> **ACTIVITY**: Set down the entries below exactly, leaving out all images.

Records from a data source
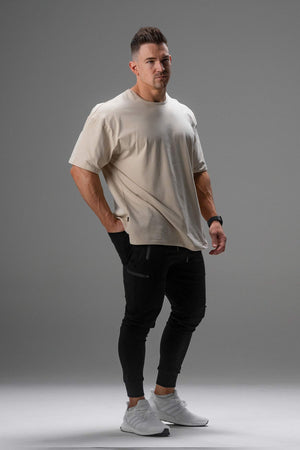 Signature Oversized Tee Beige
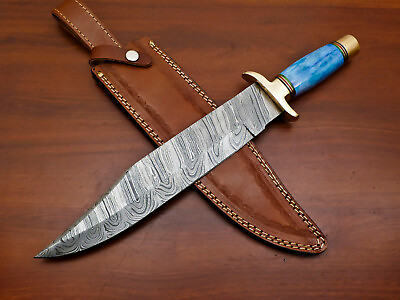 #ad CUSTOM HAND FORGED DAMASCUS CLIP POINT BLADE HUNTING BOWIE CAMPING KNIFE HB 4366 $38.69
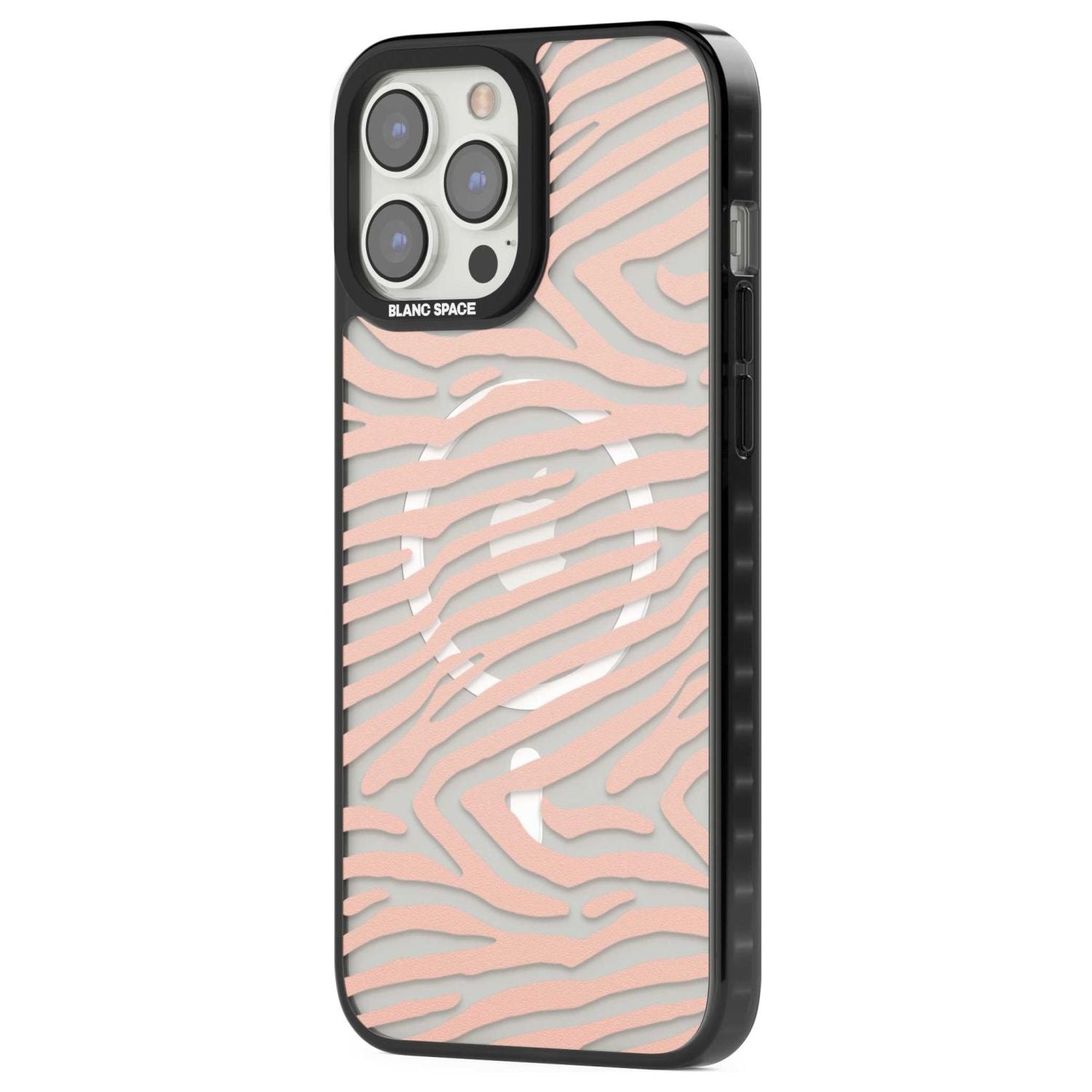 Horizontal Zebra Stripes Transparent Animal Print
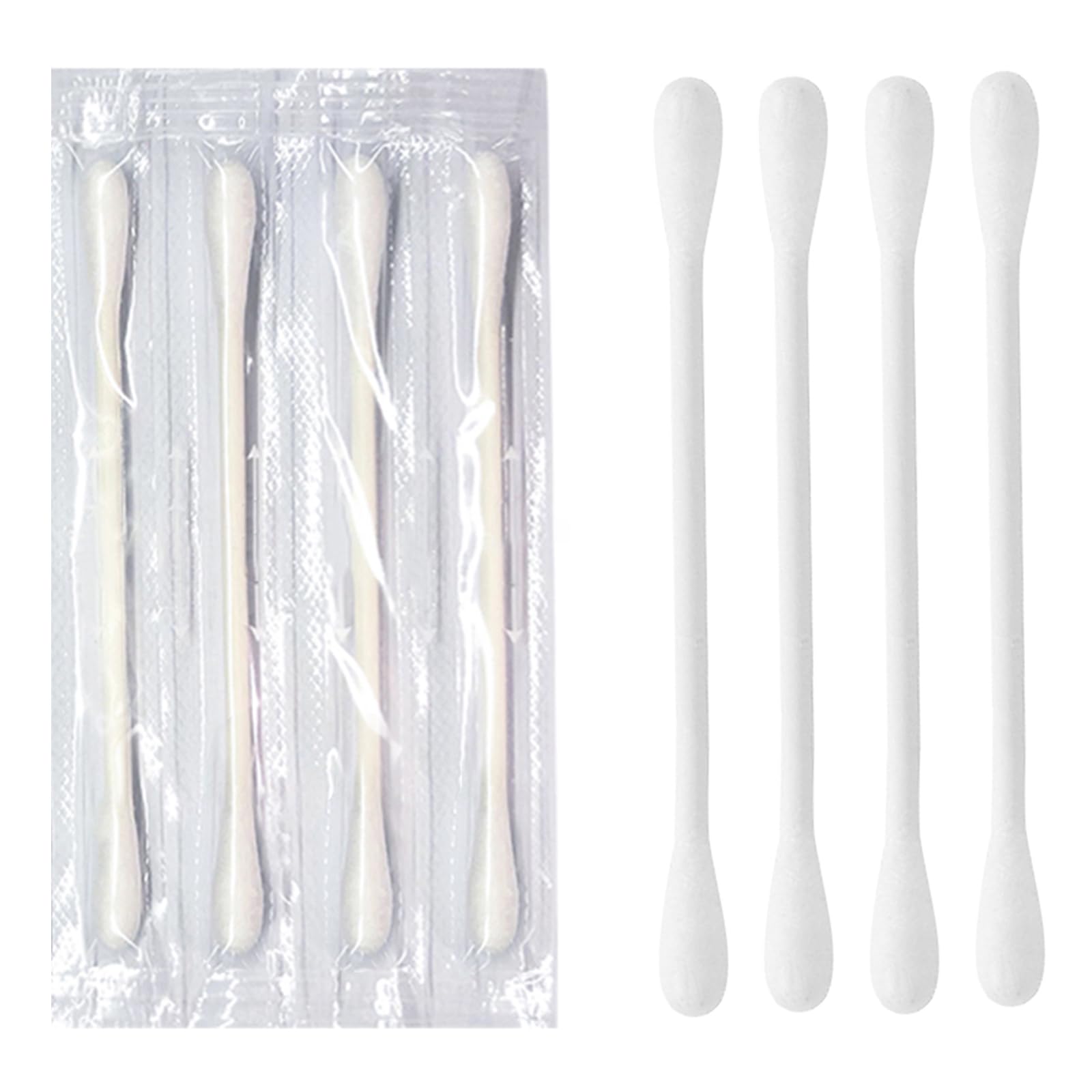 Individually Wrapped Cotton Swabs,Travel Cotton Swabs,Cotton Stick,Double Round Cotton Swabs,Round Cotton Swabs,Individually Pac
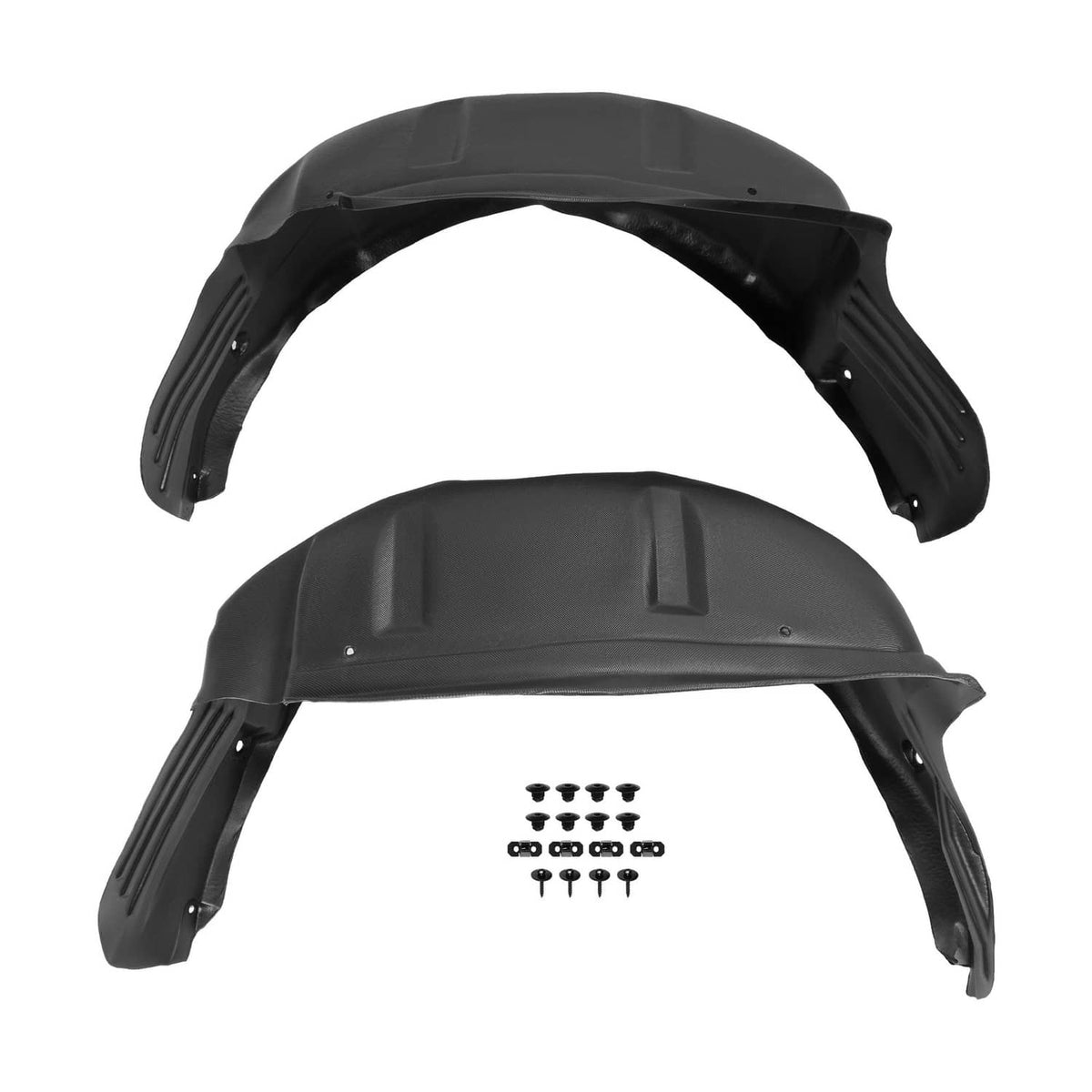 Solid Spare Rear Wheel Well House Fender Liners For 2026 Ford F150 except Raptor/Lighting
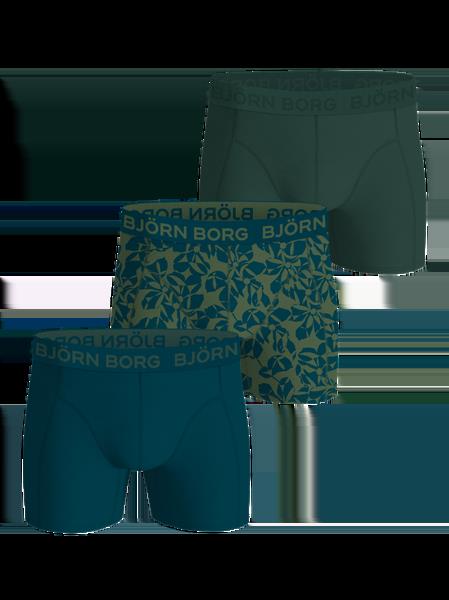 Björn Borg Cotton Stretch Boxers 3-pack Grøn, S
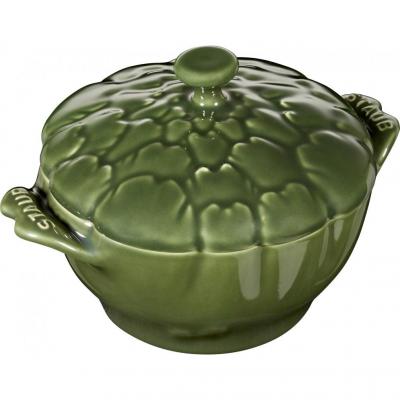 Staub Ceramic Artichoke Cocotte 15cm | Dark Green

> **EXERCISE RESULT**:
 Signature Oversized Tee Beige
 #ad CUSTOM HAND FORGED DAMASCUS CLIP POINT BLADE HUNTING BOWIE CAMPING KNIFE HB 4366 $38.69
 Horizontal Zebra Stripes Transparent Animal Print
 Individually Wrapped Cotton Swabs,Travel Cotton Swabs,Cotton Stick,Double Round Cotton Swabs,Round Cotton Swabs,Individually Pac
 Solid Spare Rear Wheel Well House Fender Liners For 2026 Ford F150 except Raptor/Lighting
 Björn Borg Cotton Stretch Boxers 3-pack Grøn, S
 Staub Ceramic Artichoke Cocotte 15cm | Dark Green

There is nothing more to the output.